Lines from the one with "VOLKSWAGEN POLO CHYA ENGINE" to the end of the material, both included: print them exactly and print nothing else. Omit the pictures.
[Start of Attachment]
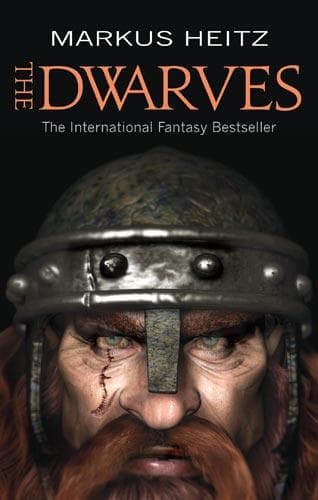 Tapa de The Dwarves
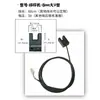 Accesorios para máquina de tampografía: Sensor fotoeléctrico de ranura en U para contar, interruptor fotoeléctrico, sensor de inducción por Hongyi Zhongke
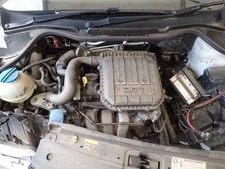 VOLKSWAGEN POLO CHYA ENGINE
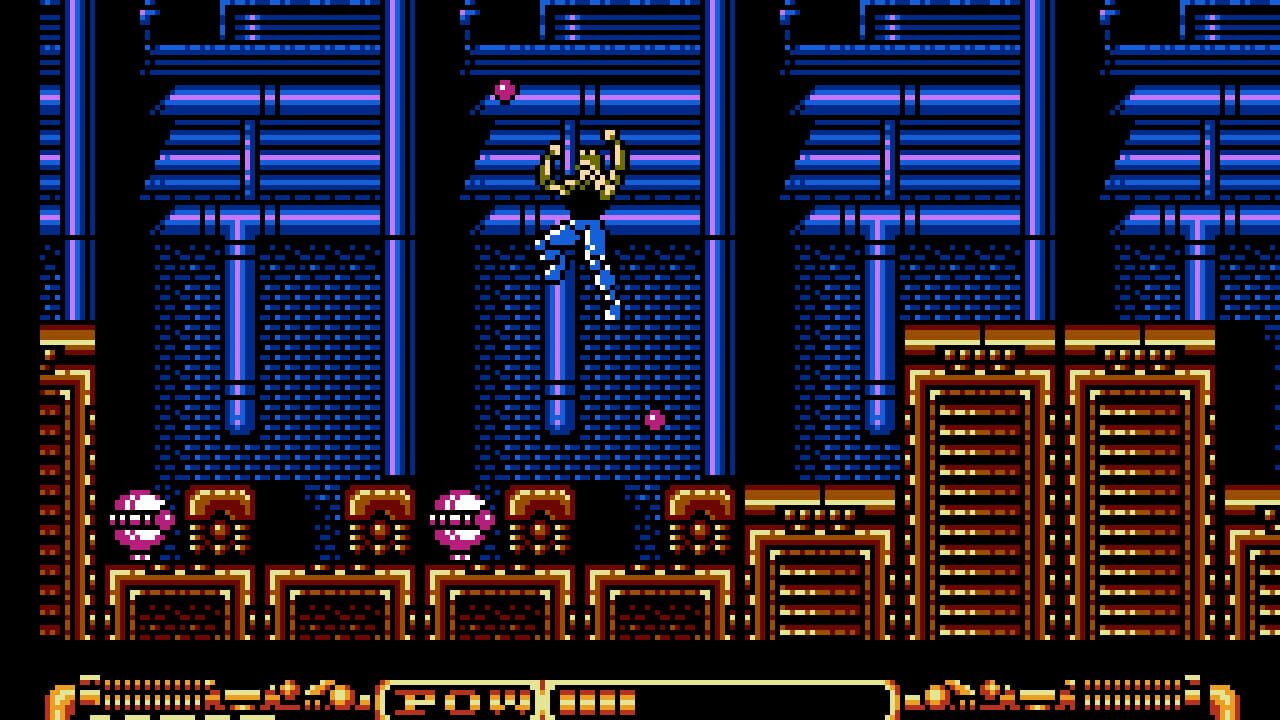 Screenshot for Power Blade 2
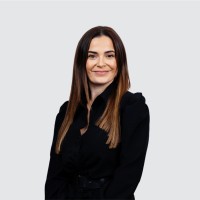 Anusheh Burcher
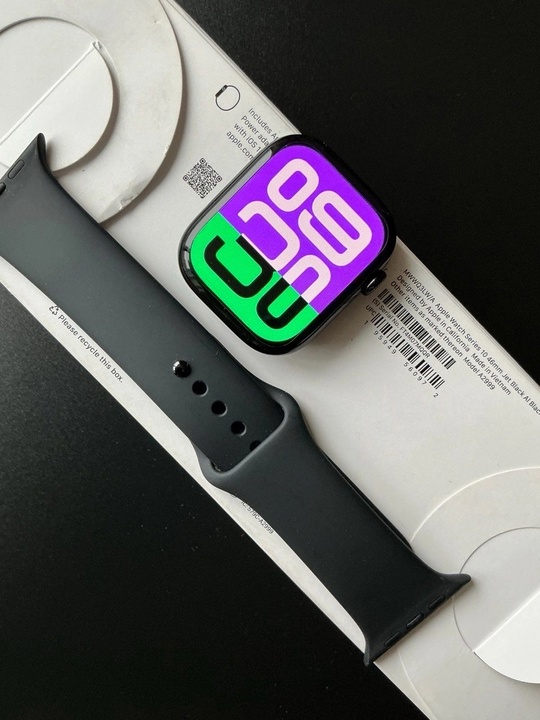 Часы Apple Watch 10 (46 (1)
[End of Attachment]
→ Exercise output
 VOLKSWAGEN POLO CHYA ENGINE
 Screenshot for Power Blade 2
 Anusheh Burcher
 Часы Apple Watch 10 (46 (1)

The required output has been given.